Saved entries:
+===+

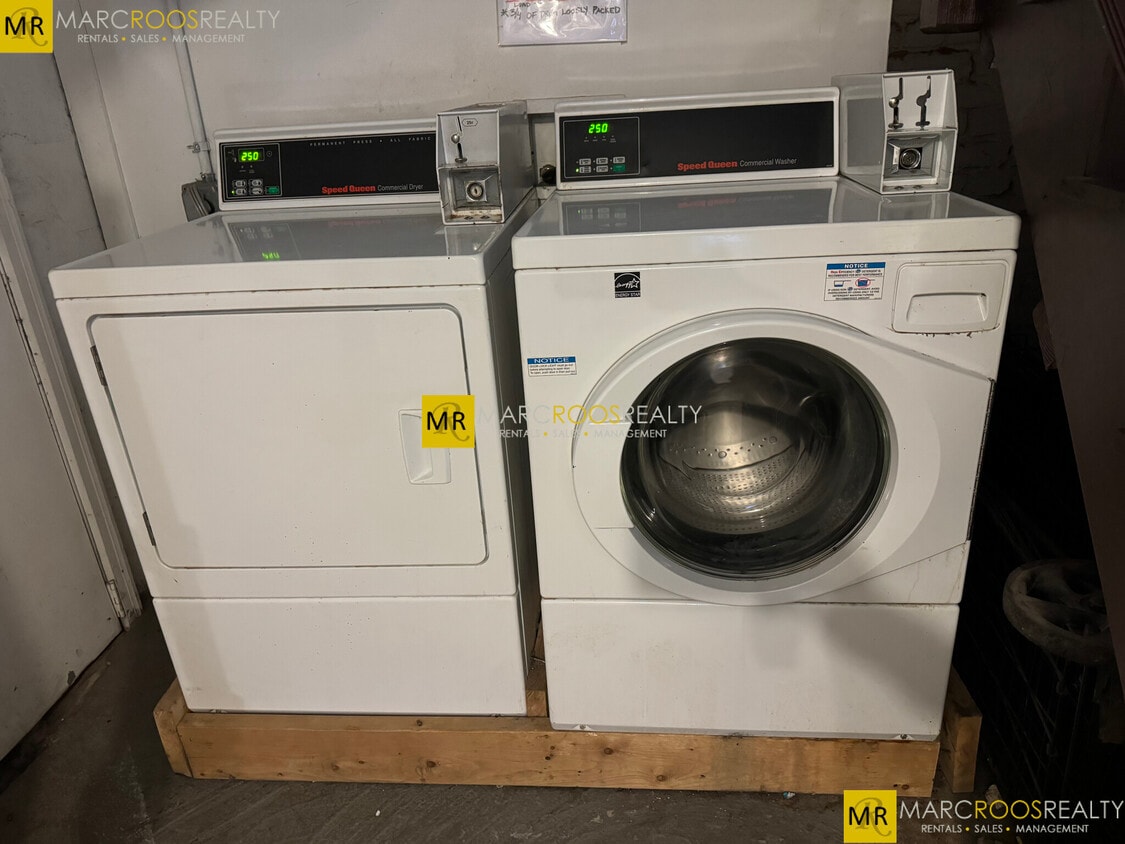 Building Photo - 148 Strathmore Rd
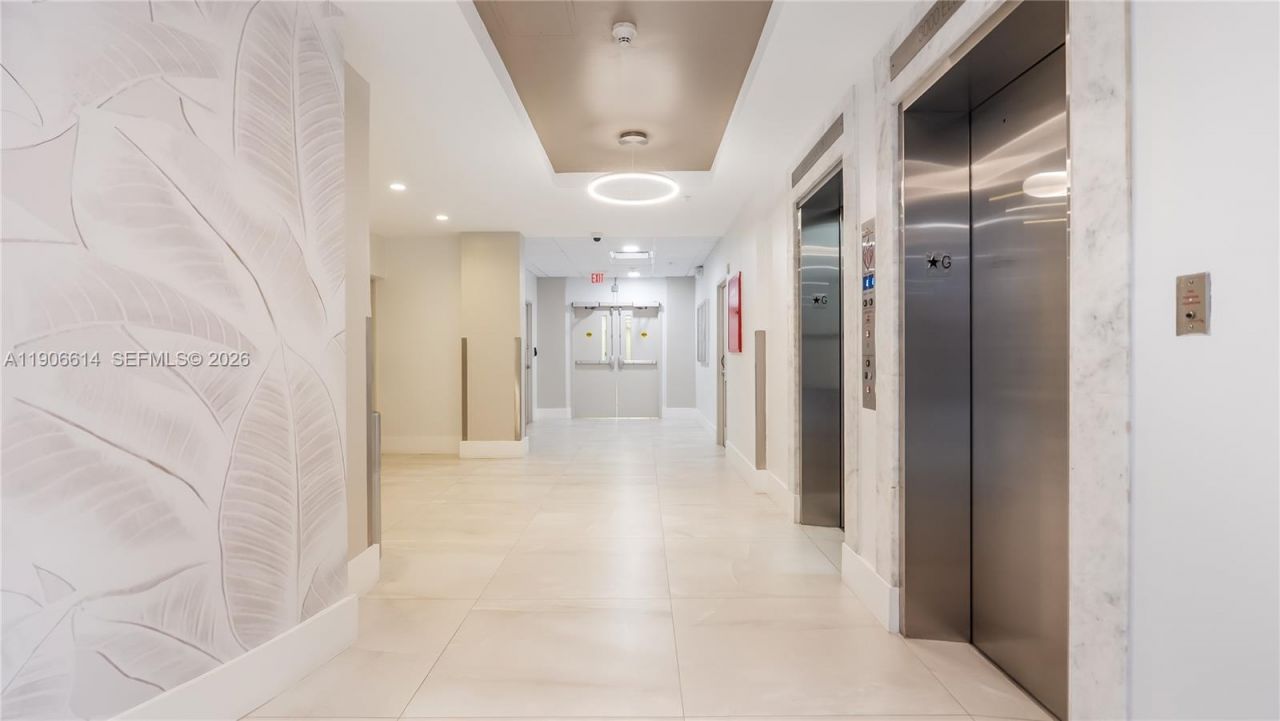 3000 S Ocean Dr, Unit 420, Hollywood, FL 33019 Photo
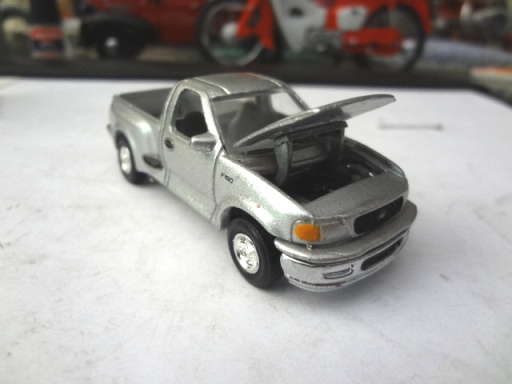 RACING CHAMPIONS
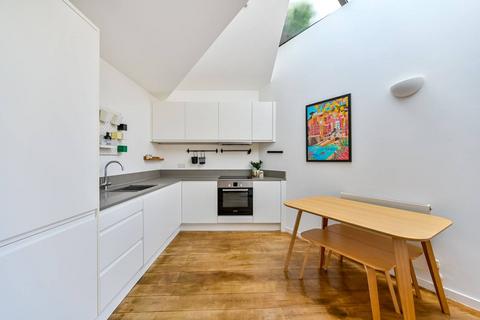 1 bedroom flat for sale, Vicarage Road, Hampton Wick, Kingston Upon Thames, KT1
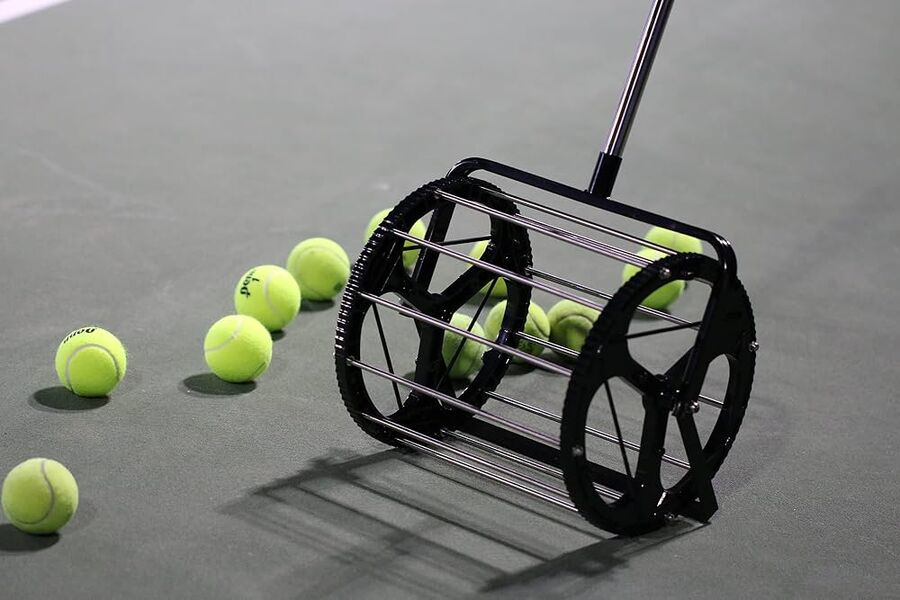 Tennis ball hopper roller, the mechanism's inspiration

+===+

Assignment:
Repeat all entries exactly. Skip the pictures.

Reply to the exercise:
 Building Photo - 148 Strathmore Rd
 3000 S Ocean Dr, Unit 420, Hollywood, FL 33019 Photo
 RACING CHAMPIONS
 1 bedroom flat for sale, Vicarage Road, Hampton Wick, Kingston Upon Thames, KT1
 Tennis ball hopper roller, the mechanism's inspiration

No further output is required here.